## ENTRIES PROVIDED
════════════════════
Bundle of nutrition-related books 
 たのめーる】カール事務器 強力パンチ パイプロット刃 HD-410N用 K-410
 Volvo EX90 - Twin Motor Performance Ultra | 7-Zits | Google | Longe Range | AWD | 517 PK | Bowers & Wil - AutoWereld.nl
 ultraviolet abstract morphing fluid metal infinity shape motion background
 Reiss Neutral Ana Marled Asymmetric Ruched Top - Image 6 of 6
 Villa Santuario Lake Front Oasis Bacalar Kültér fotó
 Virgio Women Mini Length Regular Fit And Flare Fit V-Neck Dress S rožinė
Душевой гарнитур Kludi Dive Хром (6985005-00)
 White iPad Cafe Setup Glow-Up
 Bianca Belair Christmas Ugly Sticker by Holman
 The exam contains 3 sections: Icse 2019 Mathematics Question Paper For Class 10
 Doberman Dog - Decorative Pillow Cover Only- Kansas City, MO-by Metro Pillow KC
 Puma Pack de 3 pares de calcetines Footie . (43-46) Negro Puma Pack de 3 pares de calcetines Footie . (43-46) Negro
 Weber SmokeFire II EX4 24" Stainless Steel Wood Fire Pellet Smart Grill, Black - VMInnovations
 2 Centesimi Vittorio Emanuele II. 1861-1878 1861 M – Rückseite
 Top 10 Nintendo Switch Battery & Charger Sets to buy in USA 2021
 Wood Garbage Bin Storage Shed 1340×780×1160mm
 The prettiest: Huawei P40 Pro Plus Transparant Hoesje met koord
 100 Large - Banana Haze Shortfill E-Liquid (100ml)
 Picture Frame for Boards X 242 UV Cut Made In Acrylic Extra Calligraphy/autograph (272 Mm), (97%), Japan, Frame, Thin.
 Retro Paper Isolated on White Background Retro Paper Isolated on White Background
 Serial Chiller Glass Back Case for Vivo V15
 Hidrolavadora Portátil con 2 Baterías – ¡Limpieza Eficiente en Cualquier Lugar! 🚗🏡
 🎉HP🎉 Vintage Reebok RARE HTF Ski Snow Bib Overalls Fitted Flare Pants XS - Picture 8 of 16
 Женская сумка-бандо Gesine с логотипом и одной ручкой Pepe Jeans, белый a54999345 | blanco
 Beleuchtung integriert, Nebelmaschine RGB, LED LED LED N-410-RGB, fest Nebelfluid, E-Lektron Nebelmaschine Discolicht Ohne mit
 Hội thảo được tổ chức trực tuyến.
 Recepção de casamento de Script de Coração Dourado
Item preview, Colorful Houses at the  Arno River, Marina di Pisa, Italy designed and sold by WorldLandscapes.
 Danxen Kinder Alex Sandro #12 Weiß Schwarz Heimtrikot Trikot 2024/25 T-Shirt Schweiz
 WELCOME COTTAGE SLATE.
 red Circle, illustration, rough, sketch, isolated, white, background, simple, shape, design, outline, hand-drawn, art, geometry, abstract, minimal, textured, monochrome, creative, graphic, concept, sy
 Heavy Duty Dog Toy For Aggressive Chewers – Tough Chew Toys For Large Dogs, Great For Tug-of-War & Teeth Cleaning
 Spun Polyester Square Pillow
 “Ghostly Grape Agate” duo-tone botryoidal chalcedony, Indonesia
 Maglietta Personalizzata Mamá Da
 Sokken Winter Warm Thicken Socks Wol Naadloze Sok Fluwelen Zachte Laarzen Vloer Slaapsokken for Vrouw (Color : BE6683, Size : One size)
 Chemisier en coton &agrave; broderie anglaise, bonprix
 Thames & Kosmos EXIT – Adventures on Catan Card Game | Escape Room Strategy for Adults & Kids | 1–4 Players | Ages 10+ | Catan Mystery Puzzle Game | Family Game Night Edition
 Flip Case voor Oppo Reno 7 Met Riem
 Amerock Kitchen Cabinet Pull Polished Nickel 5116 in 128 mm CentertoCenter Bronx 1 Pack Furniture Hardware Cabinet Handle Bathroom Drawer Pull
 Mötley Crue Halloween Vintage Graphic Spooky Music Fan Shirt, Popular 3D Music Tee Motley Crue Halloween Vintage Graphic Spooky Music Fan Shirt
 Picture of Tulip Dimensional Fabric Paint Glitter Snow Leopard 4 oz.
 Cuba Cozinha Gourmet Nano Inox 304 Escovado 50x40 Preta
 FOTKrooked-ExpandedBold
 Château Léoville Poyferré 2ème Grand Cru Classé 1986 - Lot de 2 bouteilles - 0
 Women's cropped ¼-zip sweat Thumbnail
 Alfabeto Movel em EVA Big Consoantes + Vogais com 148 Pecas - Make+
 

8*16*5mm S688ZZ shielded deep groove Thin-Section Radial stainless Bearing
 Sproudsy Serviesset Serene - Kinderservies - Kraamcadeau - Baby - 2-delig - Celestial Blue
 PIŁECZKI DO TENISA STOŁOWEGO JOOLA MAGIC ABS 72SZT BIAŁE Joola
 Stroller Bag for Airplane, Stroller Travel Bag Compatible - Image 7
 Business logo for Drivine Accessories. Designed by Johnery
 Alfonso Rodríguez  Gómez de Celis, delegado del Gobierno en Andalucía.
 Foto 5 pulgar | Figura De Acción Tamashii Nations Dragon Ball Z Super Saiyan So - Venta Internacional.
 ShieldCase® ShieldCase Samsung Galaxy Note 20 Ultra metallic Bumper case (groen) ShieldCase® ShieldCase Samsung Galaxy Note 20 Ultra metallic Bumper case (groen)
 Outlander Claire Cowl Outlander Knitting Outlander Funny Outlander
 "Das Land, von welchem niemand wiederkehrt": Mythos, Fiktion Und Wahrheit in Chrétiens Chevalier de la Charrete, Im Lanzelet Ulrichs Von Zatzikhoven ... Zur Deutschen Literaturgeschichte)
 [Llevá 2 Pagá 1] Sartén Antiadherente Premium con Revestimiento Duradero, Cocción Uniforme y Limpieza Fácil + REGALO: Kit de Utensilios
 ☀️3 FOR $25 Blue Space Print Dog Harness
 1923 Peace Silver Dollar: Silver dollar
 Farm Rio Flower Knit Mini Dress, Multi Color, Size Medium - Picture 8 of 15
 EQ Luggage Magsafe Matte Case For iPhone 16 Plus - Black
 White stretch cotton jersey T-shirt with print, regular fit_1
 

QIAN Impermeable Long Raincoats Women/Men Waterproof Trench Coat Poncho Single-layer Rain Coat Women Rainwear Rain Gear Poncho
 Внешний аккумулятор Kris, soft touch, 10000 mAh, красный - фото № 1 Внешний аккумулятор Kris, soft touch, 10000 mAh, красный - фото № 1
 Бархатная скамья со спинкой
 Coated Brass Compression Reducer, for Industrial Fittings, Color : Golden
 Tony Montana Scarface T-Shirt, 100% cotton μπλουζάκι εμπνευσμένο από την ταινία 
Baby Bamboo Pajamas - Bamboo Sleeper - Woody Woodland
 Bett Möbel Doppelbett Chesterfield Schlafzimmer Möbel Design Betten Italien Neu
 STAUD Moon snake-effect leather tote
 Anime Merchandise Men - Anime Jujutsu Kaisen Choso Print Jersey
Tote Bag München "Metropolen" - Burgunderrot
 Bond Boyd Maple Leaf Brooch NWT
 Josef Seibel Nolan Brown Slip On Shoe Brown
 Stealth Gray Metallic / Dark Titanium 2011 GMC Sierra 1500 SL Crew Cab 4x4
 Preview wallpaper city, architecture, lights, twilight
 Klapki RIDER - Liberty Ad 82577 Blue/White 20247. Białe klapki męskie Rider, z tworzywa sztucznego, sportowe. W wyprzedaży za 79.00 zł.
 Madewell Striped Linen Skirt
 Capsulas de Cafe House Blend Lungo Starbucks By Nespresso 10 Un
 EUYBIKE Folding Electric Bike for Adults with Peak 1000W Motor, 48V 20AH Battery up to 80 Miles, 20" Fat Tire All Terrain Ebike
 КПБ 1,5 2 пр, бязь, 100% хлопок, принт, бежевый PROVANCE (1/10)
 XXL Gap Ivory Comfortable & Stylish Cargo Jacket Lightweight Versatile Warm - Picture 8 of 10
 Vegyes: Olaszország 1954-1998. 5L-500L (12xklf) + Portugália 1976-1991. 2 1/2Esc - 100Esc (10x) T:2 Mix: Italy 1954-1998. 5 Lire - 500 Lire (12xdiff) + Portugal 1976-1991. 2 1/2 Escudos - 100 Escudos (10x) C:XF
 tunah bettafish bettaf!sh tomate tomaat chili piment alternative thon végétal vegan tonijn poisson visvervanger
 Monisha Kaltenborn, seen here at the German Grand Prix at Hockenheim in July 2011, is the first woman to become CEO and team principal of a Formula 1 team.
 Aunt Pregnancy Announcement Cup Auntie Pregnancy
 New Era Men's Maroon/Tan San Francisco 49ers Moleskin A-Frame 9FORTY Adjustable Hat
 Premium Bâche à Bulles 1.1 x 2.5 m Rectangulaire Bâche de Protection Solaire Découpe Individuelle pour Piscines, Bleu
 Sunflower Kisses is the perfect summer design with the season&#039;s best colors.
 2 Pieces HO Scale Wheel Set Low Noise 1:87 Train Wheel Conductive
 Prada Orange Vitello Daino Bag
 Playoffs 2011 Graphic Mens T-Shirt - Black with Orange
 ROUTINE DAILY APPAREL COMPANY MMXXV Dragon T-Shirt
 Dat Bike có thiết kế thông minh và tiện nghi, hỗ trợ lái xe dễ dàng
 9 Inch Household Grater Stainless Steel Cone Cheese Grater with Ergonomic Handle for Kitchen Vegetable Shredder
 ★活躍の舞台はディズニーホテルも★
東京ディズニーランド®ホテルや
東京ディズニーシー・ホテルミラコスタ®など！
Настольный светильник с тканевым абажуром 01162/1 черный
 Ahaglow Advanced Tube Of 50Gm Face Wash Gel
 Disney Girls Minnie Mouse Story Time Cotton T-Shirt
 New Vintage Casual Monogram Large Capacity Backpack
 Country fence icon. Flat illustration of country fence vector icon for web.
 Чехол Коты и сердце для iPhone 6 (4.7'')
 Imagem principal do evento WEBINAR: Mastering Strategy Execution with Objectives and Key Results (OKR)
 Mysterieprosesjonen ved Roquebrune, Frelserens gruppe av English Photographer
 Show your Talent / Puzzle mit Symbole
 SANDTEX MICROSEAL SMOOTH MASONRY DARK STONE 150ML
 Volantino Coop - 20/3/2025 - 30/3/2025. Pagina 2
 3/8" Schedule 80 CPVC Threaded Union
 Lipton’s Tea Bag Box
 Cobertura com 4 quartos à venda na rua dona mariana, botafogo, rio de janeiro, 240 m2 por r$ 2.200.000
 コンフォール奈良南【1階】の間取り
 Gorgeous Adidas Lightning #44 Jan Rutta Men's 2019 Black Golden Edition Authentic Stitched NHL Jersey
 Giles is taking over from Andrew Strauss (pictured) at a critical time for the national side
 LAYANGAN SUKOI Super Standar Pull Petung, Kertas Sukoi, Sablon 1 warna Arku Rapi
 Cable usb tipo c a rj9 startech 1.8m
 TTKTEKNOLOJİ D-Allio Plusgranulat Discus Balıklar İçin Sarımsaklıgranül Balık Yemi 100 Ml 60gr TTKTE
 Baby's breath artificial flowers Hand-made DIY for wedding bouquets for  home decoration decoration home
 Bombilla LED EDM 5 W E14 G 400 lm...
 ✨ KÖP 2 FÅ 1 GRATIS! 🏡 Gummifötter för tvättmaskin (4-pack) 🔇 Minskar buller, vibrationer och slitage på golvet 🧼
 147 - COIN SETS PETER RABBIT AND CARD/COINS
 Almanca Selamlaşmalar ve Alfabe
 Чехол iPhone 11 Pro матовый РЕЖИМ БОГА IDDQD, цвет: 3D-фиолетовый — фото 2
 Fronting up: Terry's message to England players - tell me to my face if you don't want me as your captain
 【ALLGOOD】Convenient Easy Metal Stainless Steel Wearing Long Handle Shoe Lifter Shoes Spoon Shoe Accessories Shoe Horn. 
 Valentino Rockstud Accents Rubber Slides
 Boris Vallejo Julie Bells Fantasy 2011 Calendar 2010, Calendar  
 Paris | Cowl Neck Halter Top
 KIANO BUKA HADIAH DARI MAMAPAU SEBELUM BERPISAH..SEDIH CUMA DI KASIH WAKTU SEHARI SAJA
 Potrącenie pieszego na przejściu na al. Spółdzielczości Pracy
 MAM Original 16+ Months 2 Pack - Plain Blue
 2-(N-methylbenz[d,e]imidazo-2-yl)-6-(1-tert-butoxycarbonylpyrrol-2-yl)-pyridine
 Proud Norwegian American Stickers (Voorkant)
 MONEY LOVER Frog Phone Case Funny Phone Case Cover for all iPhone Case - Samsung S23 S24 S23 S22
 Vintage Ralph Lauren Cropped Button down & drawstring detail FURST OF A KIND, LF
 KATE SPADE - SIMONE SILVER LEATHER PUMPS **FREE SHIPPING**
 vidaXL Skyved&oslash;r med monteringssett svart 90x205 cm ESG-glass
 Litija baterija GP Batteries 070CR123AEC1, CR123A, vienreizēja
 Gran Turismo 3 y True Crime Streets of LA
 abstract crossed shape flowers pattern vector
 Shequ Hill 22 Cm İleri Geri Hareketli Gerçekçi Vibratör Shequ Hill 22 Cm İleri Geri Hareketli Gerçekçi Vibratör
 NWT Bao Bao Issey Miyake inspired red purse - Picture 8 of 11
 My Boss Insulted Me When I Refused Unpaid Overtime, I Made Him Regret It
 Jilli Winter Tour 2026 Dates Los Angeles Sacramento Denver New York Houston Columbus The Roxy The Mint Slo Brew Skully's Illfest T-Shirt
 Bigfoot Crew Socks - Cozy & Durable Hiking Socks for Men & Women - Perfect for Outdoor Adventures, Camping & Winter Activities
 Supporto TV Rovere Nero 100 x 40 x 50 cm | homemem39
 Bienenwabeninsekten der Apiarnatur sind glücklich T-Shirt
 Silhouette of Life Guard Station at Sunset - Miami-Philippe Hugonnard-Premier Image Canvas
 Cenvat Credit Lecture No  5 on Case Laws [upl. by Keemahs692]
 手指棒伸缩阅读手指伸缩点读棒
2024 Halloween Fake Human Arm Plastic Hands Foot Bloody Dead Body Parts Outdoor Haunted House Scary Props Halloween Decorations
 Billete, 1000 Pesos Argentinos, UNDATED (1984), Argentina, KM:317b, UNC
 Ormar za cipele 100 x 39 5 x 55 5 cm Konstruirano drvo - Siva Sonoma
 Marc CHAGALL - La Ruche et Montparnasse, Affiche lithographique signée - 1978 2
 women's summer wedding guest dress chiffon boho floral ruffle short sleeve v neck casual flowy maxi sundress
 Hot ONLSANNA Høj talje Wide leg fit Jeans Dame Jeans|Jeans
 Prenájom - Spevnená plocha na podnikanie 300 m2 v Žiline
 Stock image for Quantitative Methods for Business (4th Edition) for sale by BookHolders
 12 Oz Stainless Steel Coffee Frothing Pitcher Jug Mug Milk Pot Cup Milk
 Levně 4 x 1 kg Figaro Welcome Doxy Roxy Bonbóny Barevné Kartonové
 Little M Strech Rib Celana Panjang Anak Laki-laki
════════════════════
## TASK OBJECTIVE
Extract the lines above, from the first one through the one containing "Top 10 Nintendo", and return only those, unchanged.

## SOLUTION
Bundle of nutrition-related books 
 たのめーる】カール事務器 強力パンチ パイプロット刃 HD-410N用 K-410
 Volvo EX90 - Twin Motor Performance Ultra | 7-Zits | Google | Longe Range | AWD | 517 PK | Bowers & Wil - AutoWereld.nl
 ultraviolet abstract morphing fluid metal infinity shape motion background
 Reiss Neutral Ana Marled Asymmetric Ruched Top - Image 6 of 6
 Villa Santuario Lake Front Oasis Bacalar Kültér fotó
 Virgio Women Mini Length Regular Fit And Flare Fit V-Neck Dress S rožinė
Душевой гарнитур Kludi Dive Хром (6985005-00)
 White iPad Cafe Setup Glow-Up
 Bianca Belair Christmas Ugly Sticker by Holman
 The exam contains 3 sections: Icse 2019 Mathematics Question Paper For Class 10
 Doberman Dog - Decorative Pillow Cover Only- Kansas City, MO-by Metro Pillow KC
 Puma Pack de 3 pares de calcetines Footie . (43-46) Negro Puma Pack de 3 pares de calcetines Footie . (43-46) Negro
 Weber SmokeFire II EX4 24" Stainless Steel Wood Fire Pellet Smart Grill, Black - VMInnovations
 2 Centesimi Vittorio Emanuele II. 1861-1878 1861 M – Rückseite
 Top 10 Nintendo Switch Battery & Charger Sets to buy in USA 2021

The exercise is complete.